The corporations that defined America as a land of plenty have invested heavily here. Grocery shelves are stocked with iconic U.S. brands such as Mazola oil and Corn Flakes, manufactured at local plants where Cargill, Kellogg’s and other staple Midwestern companies employ thousands of Brazilians. Of seven new factories that John Deere said it plans to build worldwide, two are in Brazil — with three in China and one each in India and Russia.
“It is a tricky issue,” said a U.S. official who spoke on the condition of anonymity because he was not authorized to comment publicly. “U.S. companies are doing all this investment in an agriculture superpower that is a huge competitor. . . . Growers from the U.S. are definitely watching what is happening down here.”
Corn is a new part of the discussion.
Once reliant on imports, Brazil has seen its corn production explode in recent years. High world prices have enticed farmers into planting more, and crop management changes have allowed two plantings a year on Cerrado farms.

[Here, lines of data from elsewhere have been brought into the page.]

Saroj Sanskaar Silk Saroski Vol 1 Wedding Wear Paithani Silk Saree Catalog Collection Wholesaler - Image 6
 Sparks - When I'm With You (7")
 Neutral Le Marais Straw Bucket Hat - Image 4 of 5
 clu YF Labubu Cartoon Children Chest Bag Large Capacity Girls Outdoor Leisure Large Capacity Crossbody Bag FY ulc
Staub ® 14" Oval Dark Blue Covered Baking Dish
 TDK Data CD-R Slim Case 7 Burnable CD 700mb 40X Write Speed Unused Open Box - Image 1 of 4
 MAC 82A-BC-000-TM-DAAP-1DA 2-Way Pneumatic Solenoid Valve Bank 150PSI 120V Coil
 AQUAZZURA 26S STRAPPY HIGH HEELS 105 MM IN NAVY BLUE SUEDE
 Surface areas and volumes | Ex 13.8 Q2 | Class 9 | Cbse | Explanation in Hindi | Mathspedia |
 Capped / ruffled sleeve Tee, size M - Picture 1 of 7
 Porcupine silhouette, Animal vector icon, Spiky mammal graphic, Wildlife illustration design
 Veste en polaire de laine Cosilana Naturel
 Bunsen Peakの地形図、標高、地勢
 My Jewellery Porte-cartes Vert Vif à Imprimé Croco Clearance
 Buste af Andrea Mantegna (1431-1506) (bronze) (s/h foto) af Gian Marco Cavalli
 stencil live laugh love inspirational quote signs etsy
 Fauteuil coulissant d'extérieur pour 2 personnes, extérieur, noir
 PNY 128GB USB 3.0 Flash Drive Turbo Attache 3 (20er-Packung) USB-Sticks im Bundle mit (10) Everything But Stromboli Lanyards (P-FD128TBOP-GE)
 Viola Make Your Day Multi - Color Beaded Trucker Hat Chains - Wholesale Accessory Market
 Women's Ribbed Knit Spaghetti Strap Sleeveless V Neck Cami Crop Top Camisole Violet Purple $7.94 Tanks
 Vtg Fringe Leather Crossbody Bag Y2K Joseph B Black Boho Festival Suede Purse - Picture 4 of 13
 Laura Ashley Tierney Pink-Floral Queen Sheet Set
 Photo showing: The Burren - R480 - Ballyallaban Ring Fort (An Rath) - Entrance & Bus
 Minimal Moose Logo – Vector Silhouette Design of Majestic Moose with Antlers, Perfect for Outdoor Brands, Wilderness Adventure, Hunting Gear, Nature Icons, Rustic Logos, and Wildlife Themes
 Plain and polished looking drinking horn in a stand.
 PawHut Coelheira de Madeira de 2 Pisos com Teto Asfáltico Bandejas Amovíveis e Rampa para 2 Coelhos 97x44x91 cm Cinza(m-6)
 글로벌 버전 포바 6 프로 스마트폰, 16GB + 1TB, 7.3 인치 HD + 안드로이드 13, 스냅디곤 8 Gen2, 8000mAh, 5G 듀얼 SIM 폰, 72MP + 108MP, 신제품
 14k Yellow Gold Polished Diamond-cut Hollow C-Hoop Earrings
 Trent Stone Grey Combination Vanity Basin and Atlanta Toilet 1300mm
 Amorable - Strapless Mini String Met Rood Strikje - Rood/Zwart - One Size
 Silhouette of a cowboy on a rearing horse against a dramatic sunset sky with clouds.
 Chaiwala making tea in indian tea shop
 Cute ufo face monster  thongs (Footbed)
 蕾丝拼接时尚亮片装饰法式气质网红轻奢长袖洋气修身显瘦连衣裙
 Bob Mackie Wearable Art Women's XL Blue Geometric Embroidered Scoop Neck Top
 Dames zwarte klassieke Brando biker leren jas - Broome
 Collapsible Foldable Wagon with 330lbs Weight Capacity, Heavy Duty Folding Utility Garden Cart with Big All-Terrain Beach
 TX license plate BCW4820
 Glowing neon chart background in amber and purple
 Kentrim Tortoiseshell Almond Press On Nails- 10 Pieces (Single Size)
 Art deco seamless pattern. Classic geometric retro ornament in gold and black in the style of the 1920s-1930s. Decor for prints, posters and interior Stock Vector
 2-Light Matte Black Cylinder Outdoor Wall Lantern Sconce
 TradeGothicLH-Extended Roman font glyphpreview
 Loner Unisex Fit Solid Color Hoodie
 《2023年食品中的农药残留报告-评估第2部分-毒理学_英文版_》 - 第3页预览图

Farmers here increasingly use a faster-growing strain of soybean that can be planted in September — the start of spring in the southern hemisphere — and harvested in January. A second crop can then go in the ground and be ready by June.
This year that second crop was corn, and the record planting was ready just as the effect of the U.S. drought was becoming clear. A boon for Brazilian corn growers, it may spur more production.
“We have just started having a corn market in Brazil,” with futures contracts and other tools helping farmers invest in a second planting, said Marcos Rubin, a partner at Brazilian consulting firm Agroconsult. “It is a new model of farming,” he said. “As we become more solid [corn] exporters . . . it will help farmers plan better for a second crop.”
Brazilian farmers remain focused on soybeans and the potential to export to China. The country does not expect to displace the United States as the world’s top corn producer, said Elisio Contini, head of strategic studies at the Brazilian Agricultural Research Corp.
But it does expect to play an increasing role in agriculture. Farmers here say the major constraint — a notoriously slow and expensive transportation network — can be fixed over time.
Compared with this country’s unlocked potential, said Oliveira, the cotton farmer, “the U.S. is at its limits.”